La population carcérale turque augmente considérablement depuis 2005 passant de 53 296 personnes détenues à 229 790 en 2017. Pour asseoir sa politique sécuritaire, le gouvernement envisage la construction de plus de 200 nouvelles prisons dans les cinq prochaines années.

Un climat répressif s’installe à la suite de la tentative de coup d’Etat du 15 juillet 2016. Citoyens, avocats, journalistes, médecins, hommes politiques, juges et intellectuels sont visés par les intimidations, les arrestations massives et les mauvais traitements. Des milliers de prisonniers politiques remplissent les prisons turques, accusés de terrorisme, de soutien au mouvement Gülen ou au Parti des travailleurs du Kurdistan (PKK).

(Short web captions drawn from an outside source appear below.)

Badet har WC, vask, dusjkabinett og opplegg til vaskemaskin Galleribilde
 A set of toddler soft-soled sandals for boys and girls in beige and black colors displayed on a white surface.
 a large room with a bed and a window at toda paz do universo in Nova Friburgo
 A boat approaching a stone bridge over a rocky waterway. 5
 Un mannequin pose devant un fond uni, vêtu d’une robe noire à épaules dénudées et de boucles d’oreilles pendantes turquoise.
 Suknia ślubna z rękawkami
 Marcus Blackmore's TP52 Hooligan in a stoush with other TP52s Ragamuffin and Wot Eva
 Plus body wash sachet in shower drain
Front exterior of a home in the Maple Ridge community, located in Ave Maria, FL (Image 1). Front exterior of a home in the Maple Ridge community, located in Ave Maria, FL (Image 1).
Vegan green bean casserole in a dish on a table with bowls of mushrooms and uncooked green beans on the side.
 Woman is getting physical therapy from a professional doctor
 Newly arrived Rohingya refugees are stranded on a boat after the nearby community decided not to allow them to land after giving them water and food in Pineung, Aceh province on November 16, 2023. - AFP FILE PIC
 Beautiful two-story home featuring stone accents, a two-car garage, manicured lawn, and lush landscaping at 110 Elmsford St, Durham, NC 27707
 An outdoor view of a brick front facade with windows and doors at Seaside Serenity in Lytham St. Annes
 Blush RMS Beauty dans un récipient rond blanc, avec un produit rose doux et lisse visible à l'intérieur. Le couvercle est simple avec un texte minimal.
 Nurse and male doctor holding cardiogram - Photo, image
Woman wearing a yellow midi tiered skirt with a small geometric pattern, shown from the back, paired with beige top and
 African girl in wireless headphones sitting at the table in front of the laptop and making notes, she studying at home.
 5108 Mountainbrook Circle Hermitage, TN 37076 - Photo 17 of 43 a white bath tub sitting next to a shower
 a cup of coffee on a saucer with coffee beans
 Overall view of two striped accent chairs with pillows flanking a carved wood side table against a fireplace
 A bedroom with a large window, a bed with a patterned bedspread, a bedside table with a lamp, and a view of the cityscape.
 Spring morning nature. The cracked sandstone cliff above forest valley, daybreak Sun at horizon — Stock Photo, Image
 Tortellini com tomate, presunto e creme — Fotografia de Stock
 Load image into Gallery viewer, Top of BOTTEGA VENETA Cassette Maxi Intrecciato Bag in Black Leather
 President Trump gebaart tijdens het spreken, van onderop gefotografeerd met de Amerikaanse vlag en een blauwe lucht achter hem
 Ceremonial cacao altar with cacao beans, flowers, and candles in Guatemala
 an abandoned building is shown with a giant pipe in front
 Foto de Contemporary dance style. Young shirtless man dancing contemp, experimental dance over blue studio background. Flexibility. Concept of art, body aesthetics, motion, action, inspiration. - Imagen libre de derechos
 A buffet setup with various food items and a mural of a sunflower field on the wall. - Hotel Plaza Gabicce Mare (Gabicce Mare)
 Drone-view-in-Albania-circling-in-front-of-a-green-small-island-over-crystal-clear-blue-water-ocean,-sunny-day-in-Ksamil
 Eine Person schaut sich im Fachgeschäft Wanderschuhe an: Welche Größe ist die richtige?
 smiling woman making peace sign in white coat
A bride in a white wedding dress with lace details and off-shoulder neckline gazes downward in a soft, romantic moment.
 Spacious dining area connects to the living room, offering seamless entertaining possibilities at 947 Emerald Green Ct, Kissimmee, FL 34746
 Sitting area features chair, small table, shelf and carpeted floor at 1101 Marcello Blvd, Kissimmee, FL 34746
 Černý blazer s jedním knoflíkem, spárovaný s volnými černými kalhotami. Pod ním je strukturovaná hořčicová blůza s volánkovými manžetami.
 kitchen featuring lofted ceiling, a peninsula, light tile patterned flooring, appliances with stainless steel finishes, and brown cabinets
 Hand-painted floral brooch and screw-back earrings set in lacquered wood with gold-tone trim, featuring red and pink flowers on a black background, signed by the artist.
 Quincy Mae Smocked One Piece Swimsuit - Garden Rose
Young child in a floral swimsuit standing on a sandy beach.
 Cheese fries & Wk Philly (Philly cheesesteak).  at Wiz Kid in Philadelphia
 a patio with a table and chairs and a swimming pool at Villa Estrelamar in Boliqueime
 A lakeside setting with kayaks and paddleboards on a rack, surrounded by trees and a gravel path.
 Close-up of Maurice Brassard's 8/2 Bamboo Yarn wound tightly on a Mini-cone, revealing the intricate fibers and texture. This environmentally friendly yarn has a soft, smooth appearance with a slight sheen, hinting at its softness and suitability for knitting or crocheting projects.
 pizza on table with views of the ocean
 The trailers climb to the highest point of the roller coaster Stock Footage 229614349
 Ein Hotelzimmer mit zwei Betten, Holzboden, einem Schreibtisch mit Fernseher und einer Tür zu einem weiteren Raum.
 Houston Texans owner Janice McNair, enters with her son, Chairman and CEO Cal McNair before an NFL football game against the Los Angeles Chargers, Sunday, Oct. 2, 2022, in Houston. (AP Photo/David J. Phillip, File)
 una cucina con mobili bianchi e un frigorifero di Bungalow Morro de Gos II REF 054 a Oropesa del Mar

Les conditions de détention et l’accès aux droits varient d’une prison à l’autre et se dégradent au vu de la surpopulation grandissante. Les prisons de haute sécurité de type F reposent sur un principe d’isolement strict et extrême. Elles sont surnommées "les tombeaux". Les organisations de la société civile ne sont plus autorisées à intervenir au sein des prisons.